Monday, September 20, 2004

Something else to worry about

Tuberculosis, that old scourge of humanity that still infects about 8.7 million people a year and kills 2 million, might be on the verge of a major resurgence, according to a Reuters dispatch from Sunday.
Super drug-resistant forms of tuberculosis are at the tipping point of a global epidemic, and only small changes are needed to help them spread quickly, U.S. researchers predicted Sunday.

Two separate studies show that multiple-drug-resistant TB, which can only be cured with a carefully monitored cocktail of drugs taken for months on end, could easily start spreading more commonly.

The reports, to be published in Monday's issue of the journal Nature Medicine, coincide with another report published last week saying the World Health Organization's efforts to control multi-drug-resistant TB were not working as well as hoped.
The issue is that people who are infected with TB have to undergo a complete course of antibiotic treatment. The bacteria mutate easily and if they're not eradicated in the individual, the survivors - which would be those that have the most resistance to the drug(s) used - can spread.

However, it has been learned that the mutant strains, while harder to kill, do not spread as easily, leading health workers in many places to focus on non-resistant strains with the idea of controlling the spread of the disease.
The two papers in Nature Medicine say this could lead to disaster.

Even if just a few TB strains develop the ability to spread, they will eventually take over and dominate, say Sally Blower and Tom Chou of the University of California, Los Angeles and Megan Murray and Ted Cohen of the Harvard School of Public Health.
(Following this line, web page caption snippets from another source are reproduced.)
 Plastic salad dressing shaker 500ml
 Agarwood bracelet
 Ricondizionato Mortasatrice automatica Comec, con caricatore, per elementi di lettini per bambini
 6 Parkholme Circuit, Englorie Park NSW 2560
They developed separate mathematical models that show it would be easy for multi-drug-resistant TB to outcompete other strains and spread.
How bad could it get? At the opening of a two-day conference in Addis Ababa on Monday as reported by The Independent (South Africa), the WHO warned that the emergence of MDR-TB combined with spread of HIV/Aids (which helps to spread TB because of the lowered resistance it causes; TB is the most common infection among people living with HIV/Aids) presents the possibility of one billion new cases of TB over the next two decades - a nearly six-fold increase over present rates.
"It is imperative that strategies to control tuberculosis include measures to treat individuals with MDR (multi-drug-resistant) disease," Cohen added in a statement.
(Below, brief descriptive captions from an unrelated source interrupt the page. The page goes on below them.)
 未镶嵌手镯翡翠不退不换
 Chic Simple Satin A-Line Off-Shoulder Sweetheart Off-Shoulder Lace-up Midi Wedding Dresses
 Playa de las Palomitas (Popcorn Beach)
"It can be done. Our model shows why making this treatment available is absolutely necessary to avoid otherwise inevitable MDR-TB epidemics."
I guess the statement "it can be done" is the only good news in this.

Footnote One: A relevant, related issue not raised here is the entire one of over-prescription of drugs, of too many patients wanting a pill for every ache and sniffle and of too many doctors willing to oblige them, including the total waste of prescribing antibiotics against viral conditions. A fair number of those doctors will say they give in because "if I don't do it, they'll just find another doctor who will." Well then, dammit, let them! At least then you yourself will stop contributing to the problem of treatment-resistant conditions.

Footnote Two: The Independent article, after referring to a billion new TB cases over the next two decades, says "a staggering 35 million people could die of TB in that time." But at current rates of infection v. death, a billion cases should be associated with about 229 million deaths, and that doesn't account for an increased prevalence of the harder-to-treat MDR-TB. I suspect that The Independent dropped a zero in that phrase.